The basic colonial government started at the top with a Governor appointed by the British Crown, from there you had his council and then the elected Assembly. As the population grew and the economy expanded the power of the elected Assembly grew as well. The colonists would drink to the King of England but with him and his army far away to enforce their will there was a major disconnect in what it meant to be a British citizen and a colonist. With those sentiments the Governors had trouble administering their authority or implementing British laws without the cooperation of the colonists. "By the mid 1700s American political ideas became apart of a "great tradition of the eighteenth-century commonwealthmen, the radical Whig ideology that arose from a series of upheavals in seventeenth-century England - the Civil War, the exclusion crisis of 1679-81, and the Glorious Revolution of 1688." (Middlekauff, The Glorious Cause, p.51) All these factors led to a citizenry who were accustomed to self-government. Each colony elected officials who would levy taxes, create colonial budgets, and maintain order. To all of the sudden be forced to take orders from the British Parliament and Crown on matters that for over a century they had controlled for themselves was a difficult pill to swallow. It is true they always considered themselves loyal British subjects but this was not England and the rules were different, they had been since the Pilgrims first landed here to settle. However by the mid-1700s the British Government failed to see it the same way and wanted to implement their will upon the people.

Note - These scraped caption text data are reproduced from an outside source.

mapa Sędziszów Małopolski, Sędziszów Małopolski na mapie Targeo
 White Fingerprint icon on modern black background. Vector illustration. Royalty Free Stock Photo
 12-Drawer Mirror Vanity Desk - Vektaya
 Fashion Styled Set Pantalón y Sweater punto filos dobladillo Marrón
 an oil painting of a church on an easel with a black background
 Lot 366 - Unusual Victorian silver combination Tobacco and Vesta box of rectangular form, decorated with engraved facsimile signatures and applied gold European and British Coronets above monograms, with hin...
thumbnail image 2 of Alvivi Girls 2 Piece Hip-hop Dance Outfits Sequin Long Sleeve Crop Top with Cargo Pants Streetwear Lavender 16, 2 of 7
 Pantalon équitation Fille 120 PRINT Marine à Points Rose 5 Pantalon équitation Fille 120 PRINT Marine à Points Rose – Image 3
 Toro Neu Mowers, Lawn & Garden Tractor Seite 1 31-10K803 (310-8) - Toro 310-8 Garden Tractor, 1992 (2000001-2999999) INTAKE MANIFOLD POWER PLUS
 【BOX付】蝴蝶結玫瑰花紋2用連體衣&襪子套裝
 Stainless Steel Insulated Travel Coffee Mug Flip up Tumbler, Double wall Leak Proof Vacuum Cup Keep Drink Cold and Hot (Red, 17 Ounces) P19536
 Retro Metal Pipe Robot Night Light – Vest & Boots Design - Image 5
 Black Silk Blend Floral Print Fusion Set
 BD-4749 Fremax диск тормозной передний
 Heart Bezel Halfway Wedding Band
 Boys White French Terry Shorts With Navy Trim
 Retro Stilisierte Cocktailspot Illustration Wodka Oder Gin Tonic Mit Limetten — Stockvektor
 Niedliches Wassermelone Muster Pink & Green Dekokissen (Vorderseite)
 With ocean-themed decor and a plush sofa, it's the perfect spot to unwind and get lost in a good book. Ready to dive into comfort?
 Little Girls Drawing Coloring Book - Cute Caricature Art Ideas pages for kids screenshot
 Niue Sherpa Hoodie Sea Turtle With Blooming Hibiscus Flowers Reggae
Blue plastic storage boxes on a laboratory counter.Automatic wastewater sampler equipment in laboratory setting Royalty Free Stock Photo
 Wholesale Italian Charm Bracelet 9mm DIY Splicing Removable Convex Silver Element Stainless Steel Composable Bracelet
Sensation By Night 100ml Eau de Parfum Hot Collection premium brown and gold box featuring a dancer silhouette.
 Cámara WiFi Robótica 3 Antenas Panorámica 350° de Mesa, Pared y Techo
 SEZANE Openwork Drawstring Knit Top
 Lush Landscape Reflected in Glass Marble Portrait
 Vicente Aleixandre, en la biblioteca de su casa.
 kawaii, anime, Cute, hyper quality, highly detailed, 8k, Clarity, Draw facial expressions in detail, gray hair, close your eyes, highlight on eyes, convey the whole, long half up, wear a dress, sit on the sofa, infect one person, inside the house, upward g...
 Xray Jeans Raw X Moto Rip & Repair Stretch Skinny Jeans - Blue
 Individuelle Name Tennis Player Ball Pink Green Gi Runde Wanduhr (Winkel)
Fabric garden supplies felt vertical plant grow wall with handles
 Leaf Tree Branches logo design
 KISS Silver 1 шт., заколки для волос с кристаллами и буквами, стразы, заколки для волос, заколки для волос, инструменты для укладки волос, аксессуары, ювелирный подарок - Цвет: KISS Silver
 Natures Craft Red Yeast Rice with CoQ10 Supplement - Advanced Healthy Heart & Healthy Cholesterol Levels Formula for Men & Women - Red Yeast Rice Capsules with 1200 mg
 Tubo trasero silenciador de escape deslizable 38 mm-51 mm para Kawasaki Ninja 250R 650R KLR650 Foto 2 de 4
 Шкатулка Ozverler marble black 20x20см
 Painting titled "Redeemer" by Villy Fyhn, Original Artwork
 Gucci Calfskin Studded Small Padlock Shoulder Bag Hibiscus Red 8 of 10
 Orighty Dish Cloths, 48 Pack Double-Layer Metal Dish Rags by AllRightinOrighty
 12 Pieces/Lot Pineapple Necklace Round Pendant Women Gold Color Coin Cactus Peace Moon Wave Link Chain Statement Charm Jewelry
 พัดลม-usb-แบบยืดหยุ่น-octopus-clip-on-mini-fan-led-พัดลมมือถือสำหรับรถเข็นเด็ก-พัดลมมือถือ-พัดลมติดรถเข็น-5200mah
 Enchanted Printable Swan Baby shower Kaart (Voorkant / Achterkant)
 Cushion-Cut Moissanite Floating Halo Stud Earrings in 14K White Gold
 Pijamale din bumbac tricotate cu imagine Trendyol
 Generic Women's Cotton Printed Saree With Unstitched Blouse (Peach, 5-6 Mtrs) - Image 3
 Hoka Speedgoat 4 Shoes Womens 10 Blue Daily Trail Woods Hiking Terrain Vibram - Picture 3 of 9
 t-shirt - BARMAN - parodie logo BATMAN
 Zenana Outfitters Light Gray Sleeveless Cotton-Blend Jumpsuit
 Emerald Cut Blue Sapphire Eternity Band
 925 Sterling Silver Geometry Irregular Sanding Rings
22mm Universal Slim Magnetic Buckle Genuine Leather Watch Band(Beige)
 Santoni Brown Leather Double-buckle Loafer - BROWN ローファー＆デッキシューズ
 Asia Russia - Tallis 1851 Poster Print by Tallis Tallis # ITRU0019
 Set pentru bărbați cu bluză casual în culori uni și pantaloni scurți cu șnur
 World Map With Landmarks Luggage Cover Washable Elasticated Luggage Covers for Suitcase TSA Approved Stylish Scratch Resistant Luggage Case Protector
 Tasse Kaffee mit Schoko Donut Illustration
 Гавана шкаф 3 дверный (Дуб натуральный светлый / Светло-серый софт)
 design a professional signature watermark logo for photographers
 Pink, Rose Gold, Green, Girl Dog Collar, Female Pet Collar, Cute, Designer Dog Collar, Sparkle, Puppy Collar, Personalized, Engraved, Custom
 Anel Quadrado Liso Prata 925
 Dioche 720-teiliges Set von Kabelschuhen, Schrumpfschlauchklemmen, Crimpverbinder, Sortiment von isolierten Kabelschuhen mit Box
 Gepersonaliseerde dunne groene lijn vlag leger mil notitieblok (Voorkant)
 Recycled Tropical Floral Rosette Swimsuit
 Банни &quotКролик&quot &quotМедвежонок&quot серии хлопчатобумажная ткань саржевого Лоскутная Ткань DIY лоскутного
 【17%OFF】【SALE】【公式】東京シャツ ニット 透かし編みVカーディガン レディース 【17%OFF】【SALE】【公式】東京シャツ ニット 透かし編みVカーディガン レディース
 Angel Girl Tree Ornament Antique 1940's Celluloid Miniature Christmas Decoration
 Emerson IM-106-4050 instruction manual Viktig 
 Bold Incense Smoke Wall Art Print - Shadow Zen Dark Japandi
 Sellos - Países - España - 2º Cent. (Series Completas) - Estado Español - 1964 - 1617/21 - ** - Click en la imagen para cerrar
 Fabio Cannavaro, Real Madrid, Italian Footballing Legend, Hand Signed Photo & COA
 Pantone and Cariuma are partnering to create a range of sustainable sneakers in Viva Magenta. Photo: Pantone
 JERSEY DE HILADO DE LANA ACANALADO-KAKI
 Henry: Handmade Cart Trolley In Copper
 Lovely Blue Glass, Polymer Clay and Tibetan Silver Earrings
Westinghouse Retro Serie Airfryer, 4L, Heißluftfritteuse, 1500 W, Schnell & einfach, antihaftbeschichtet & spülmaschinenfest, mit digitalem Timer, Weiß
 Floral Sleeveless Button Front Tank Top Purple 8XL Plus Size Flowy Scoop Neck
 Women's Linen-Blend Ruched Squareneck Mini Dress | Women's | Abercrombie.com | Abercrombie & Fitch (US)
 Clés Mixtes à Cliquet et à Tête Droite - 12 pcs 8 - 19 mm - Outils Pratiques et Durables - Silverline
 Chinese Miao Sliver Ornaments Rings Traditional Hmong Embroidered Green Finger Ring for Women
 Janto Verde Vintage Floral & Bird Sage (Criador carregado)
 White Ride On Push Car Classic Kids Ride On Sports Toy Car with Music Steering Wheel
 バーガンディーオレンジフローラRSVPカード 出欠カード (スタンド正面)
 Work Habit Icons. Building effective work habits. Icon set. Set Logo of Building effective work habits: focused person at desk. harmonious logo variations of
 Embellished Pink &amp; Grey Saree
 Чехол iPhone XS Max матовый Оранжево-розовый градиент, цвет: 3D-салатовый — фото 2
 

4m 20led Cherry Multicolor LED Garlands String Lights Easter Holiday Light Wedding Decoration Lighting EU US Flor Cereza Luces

As the French and Indian War commenced in the mid 1750s the separation between the colonies and the mother country was evident. Written sometime in the 1820s by William Wells, grandson to Samuel Adams, he spoke of the events before and during the French and Indian War stating, "The events of the war, and the government mismanagement (since the first colonists came here)... prepared the people for the struggle which was to rend the colonies from the mother country. The press commenced the discussion of popular rights, and no doubt many speculative minds calculated the probable fate of America at some future date as a separate sovereignty." (Carr, Seeds of Discontent, p.315) Clearly the path to creating a new nation was being paved since the first settlers landed here in the late sixteenth century however it took something major to push them over the edge. As the British started to maintain a standing army in the colonies for the first time ever, limit the expansion west (which was one of the key purposes in fighting in the French and Indian War as far as nearly all the colonists were concerned), and begin direct taxes that the colonists had never seen before or approved it becomes quite evident that the colonists were getting pushed closer to that edge. As we will examine in the coming years one decision after another by the British, forced the American colonists to rise up and stand against injustice, eventually getting to the realization that their destiny would be to create a new "Nation, under God, Indivisible, with Liberty and Justice for All."